In den Alpen zählt man 327 Gipfelkreuze, von denen einige schon seit Jahrhunderten stehen. Einige Kreuze, insbesondere in den Dolomiten, im Ortler-Adamello-Gebiet, auf der Hochebene von Asiago, im Pasubio und am Monte Grappa sind mit dramatischen Episoden des Ersten Weltkriegs verbunden, als sich österreichisch-ungarische und italienische Soldaten in den Schützengräben bekämpften. Viele Kruzifixe sind längst renovierungsbedürftig. Niemand habe die Absicht, die bestehenden Kruzifixe abzubauen, es sei jedoch nicht sinnvoll, neue zu errichten, schrieb Pietro Lacasella auf dem Webportal des Italienischen Alpenvereins.

Alpenverein: Italiens Gipfel sollen neutrale Orte sein

„Wenn einerseits Beseitigungskampagnen unangebracht sind, ist andererseits die Errichtung neuer Kreuze anachronistisch: Es wäre vielleicht sinnvoller, die Gipfel als neutrales Territorium zu verstehen, das in der Lage ist, Kulturen zusammenzubringen, die auch weit voneinander entfernt sein können, aber dieselbe Würde haben“, so Lacasella. Italien wandele sich rasch von einem christlich geprägten Land „zu einem Staat laizistischer Tradition, und das gilt auch für die Berge“. Deshalb stehe das Kreuz heute „nicht mehr für eine gemeinsame Perspektive, sondern für eine partielle Vision“, schreibt Lacasella.

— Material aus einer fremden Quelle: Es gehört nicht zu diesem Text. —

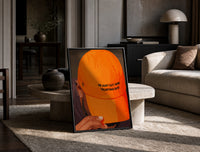 Trusting God Orange Cap print on the floor, leaning against a travertine table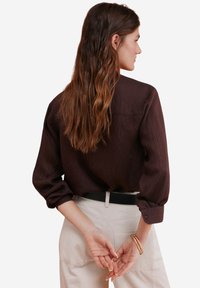 Bruine langarmshirt van een textiele stof, met een rugpand en opgerolde mouwen, gedragen met lichtbeige corduroy broeken.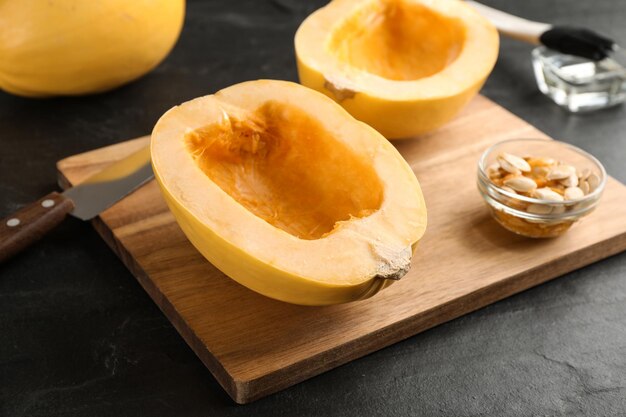 Halves of fresh spaghetti squash on black table Cooking vegetarian dish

Zugleich betonte er, dass der CAI bestehende Kreuze nicht nur „mit Respekt“ behandele, sondern sich darüber hinaus um deren Reinigung und Instandhaltung kümmere.

Gipfelkreuze bieten Bergsteigern und Wanderern in den italienischen Alpen Orientierung, sagt Paolo Zangrillo, Minister für die öffentliche Verwaltung.
Gipfelkreuze bieten Bergsteigern und Wanderern in den italienischen Alpen Orientierung, sagt Paolo Zangrillo, Minister für die öffentliche Verwaltung. © epd | Daniel Goell

Ähnlich sieht die Lage der Alpinist und Bergsteiger Enrico Camanni. „Bereits bestehende Kreuze mit künstlerischem und historischem Wert sollen bleiben, aber ich finde, es macht heute keinen Sinn mehr, Kruzifixe oder Statuen der Muttergottes auf Bergspitzen zu stellen. Das entspricht nicht mehr der heutigen Sensibilität. Der Glaube ist eine individuelle Angelegenheit“, sagte der Schriftsteller.

Kritiker: Gipfelkreuze gehören zur italienischen Kultur

Tourismusministerin Daniela Santanché zeigte sich „fassungslos“ über den Vorschlag, keine neuen Kreuze aufzustellen. „Dies widerspricht unseren Grundsätzen, unserer Kultur und unserer Identität“, sagte sie. „Ihr müsst über meine Leiche gehen, wenn ihr auch nur ein einziges Gipfelkreuz entfernen wollt“, wetterte der Chef der rechten Regierungspartei Lega und Verkehrsminister Matteo Salvini. Paolo Zangrillo, Minister für die öffentliche Verwaltung, meinte, Gipfelkreuze seien „ein wertvoller Bezugspunkt“ für Bergsteiger.

Angesichts der Aufregung ruderte der Alpenverein zurück. In einer Stellungnahme betonte CAI-Generaldirektor Antonio Montani, das Thema der Bergkreuze habe im Alpenverein nie zur Debatte gestanden, deshalb gebe es dazu auch keine offizielle Position. Er distanzierte sich von den „persönlichen Erklärungen“ der CAI-Mitarbeiter und entschuldigte sich für die „durch Presseveröffentlichungen verursachten Missverständnisse“.

Scharfe Kritik kommt auch von der Trentiner Parlamentarierin Alessia Ambrosi, die der Regierungspartei Fratelli d’Italia (Brüder Italiens) um Premierministerin Meloni angehört. „Ich frage mich, lieber Herr Ferrari: Haben Sie wirklich nichts Besseres und Ehrenvolleres zu tun, als auf die Symbole unserer Identität und Kultur zu spucken“, so Ambrosi in einer Presseaussendung. Der CAI habe sich zwar „sofort für den Unsinn entschuldigt“, aber dies reiche nicht: „Sie müssen jetzt zurücktreten, um die angesehene Organisation, die Sie vertreten, nicht zu gefährden“.